*Work to be completed*: Write the listing out again word for word, leaving each picture behind.

*Data*:
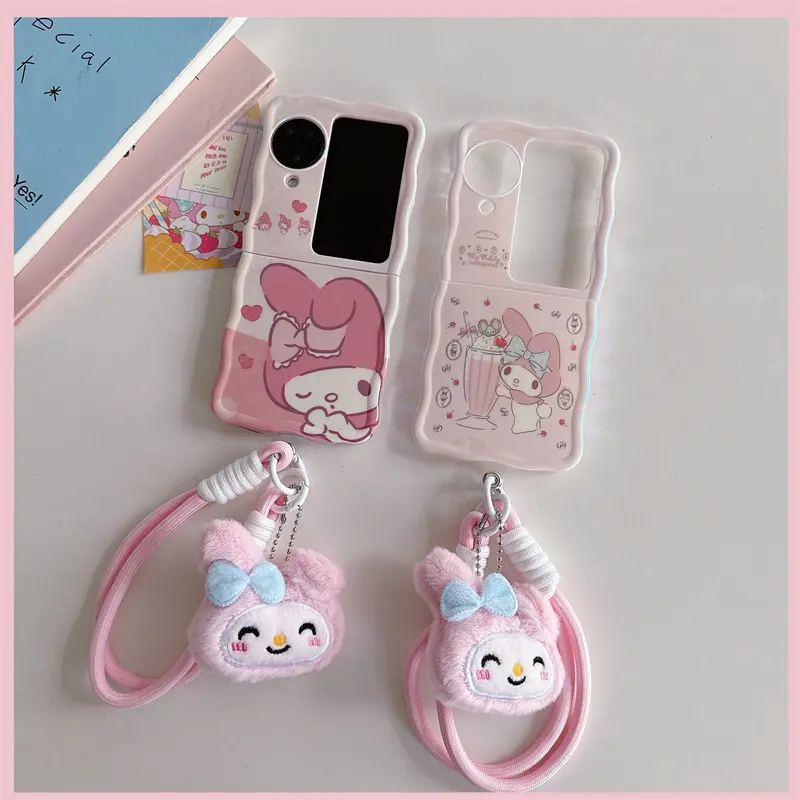 เคสโทรศัพท์แบบพับได้, สำหรับ OPPO Find N3, เคส, ดีไซน์การ์ตูนน่ารักใหม่, ใช้ได้กับ OPPO Find N2 Flip, เหมาะสำหรับ OPPO Find N2 Flip, พร้อมตัวป้องกันหน้าจอ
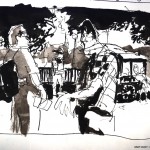 EPCOT SKETCHBOOK by Matt 'Iron-Cow' Cauley - "Food Cart"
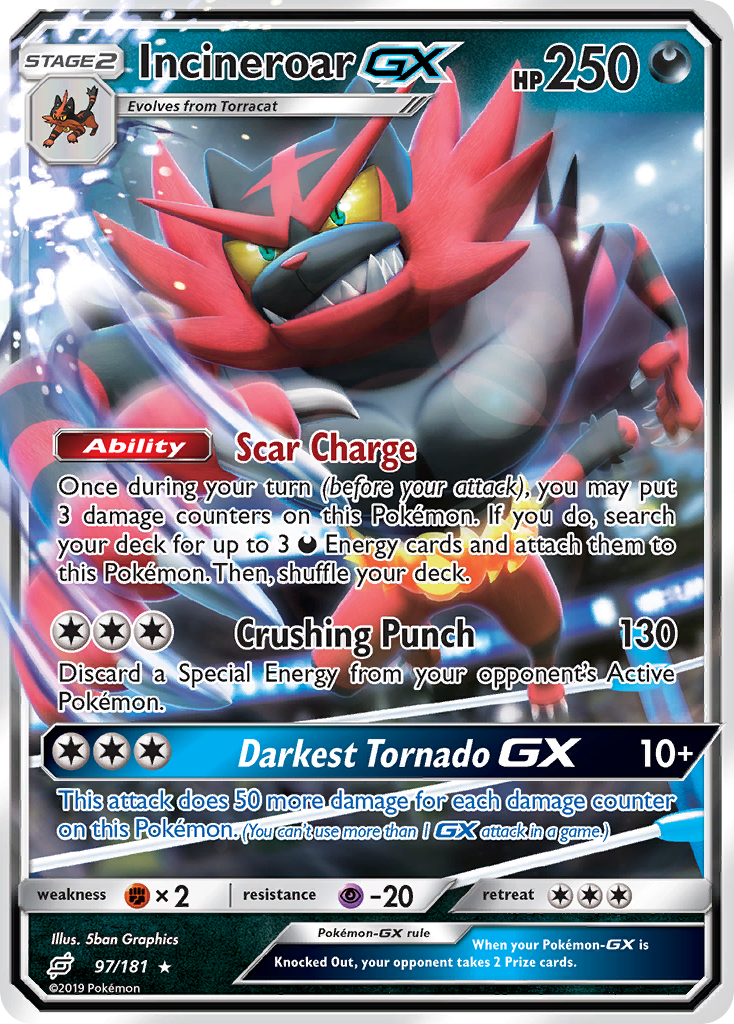 Incineroar GX (97/181) [Sun & Moon: Team Up] - Evolution TCG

*Task response*:
 เคสโทรศัพท์แบบพับได้, สำหรับ OPPO Find N3, เคส, ดีไซน์การ์ตูนน่ารักใหม่, ใช้ได้กับ OPPO Find N2 Flip, เหมาะสำหรับ OPPO Find N2 Flip, พร้อมตัวป้องกันหน้าจอ
 EPCOT SKETCHBOOK by Matt 'Iron-Cow' Cauley - "Food Cart"
 Incineroar GX (97/181) [Sun & Moon: Team Up] - Evolution TCG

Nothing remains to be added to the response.